RECORDS PROVIDED:

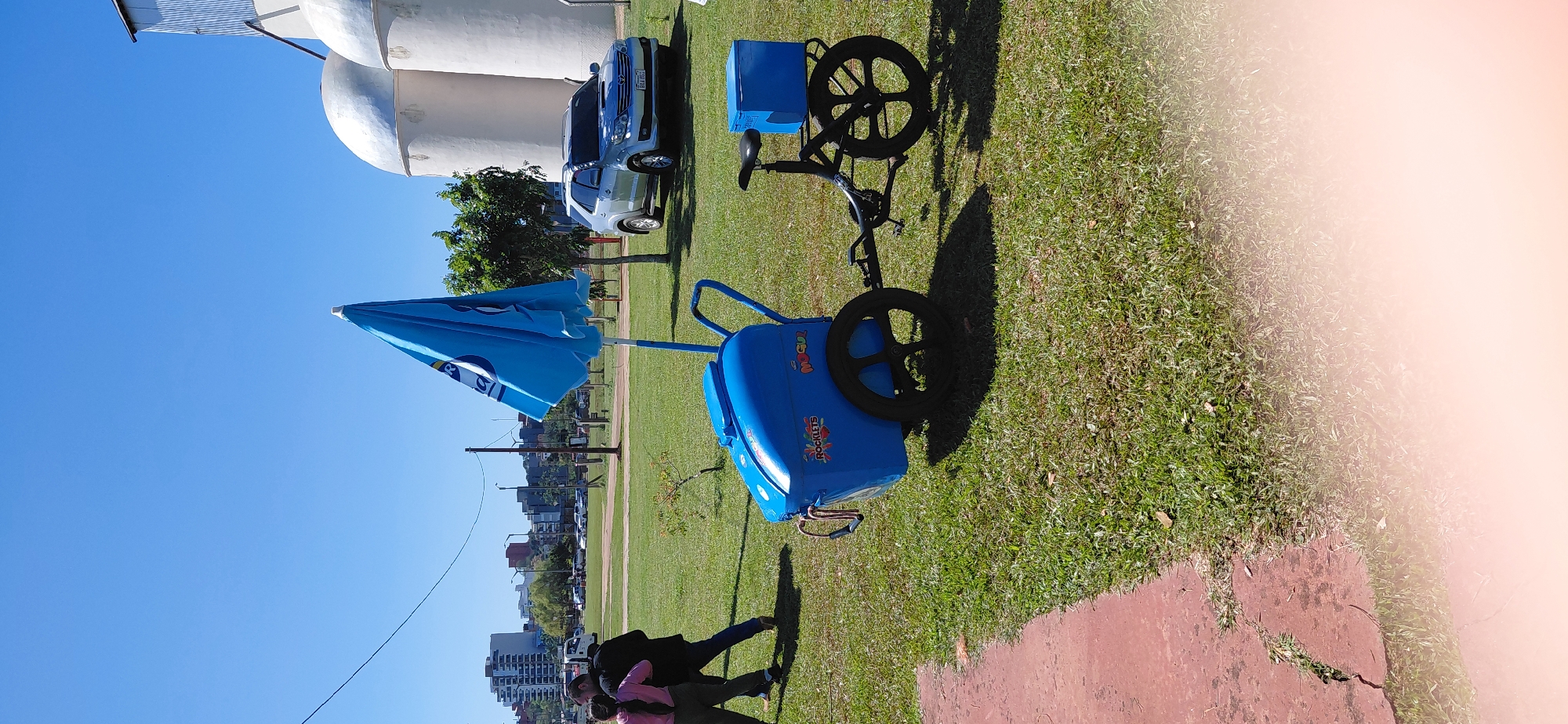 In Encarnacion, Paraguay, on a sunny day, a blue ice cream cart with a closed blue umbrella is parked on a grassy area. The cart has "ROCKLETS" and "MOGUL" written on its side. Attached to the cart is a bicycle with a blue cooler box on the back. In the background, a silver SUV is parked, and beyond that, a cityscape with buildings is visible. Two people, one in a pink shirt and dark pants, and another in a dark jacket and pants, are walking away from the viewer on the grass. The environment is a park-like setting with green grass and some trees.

--

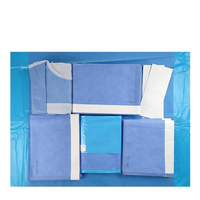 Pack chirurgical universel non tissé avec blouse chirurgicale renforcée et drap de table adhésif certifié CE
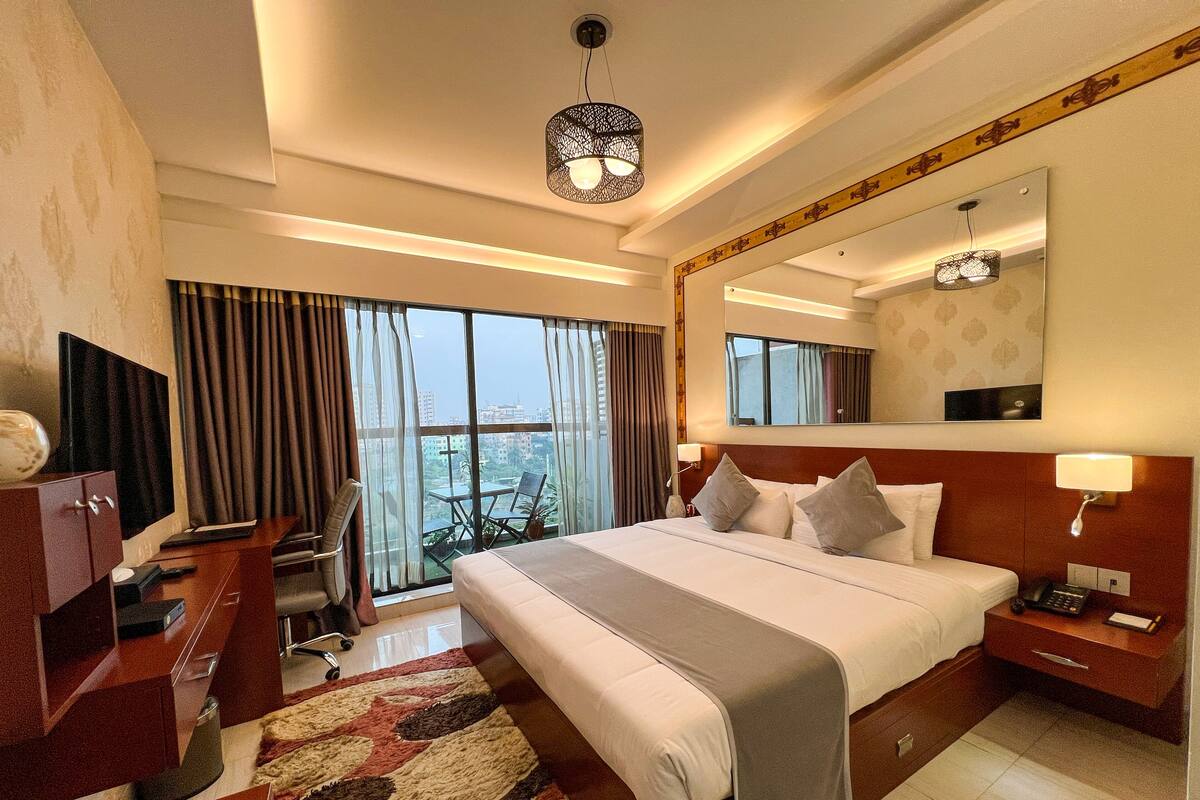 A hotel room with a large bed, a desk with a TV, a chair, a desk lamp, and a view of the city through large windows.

---

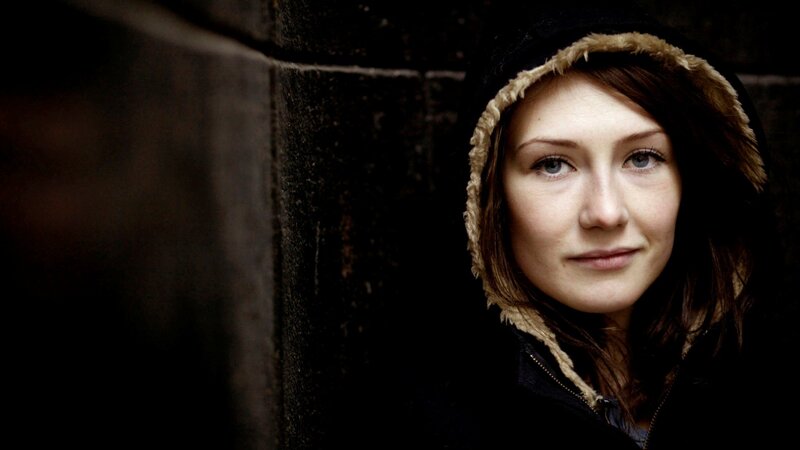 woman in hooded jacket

WHAT THIS TASK INVOLVES:
Those lines of the records above that run from the one containing "Pack chirurgical universel" through the one containing "A hotel room" should be returned exactly, with no pictures among them.

WRITTEN SOLUTION:
 Pack chirurgical universel non tissé avec blouse chirurgicale renforcée et drap de table adhésif certifié CE
 A hotel room with a large bed, a desk with a TV, a chair, a desk lamp, and a view of the city through large windows.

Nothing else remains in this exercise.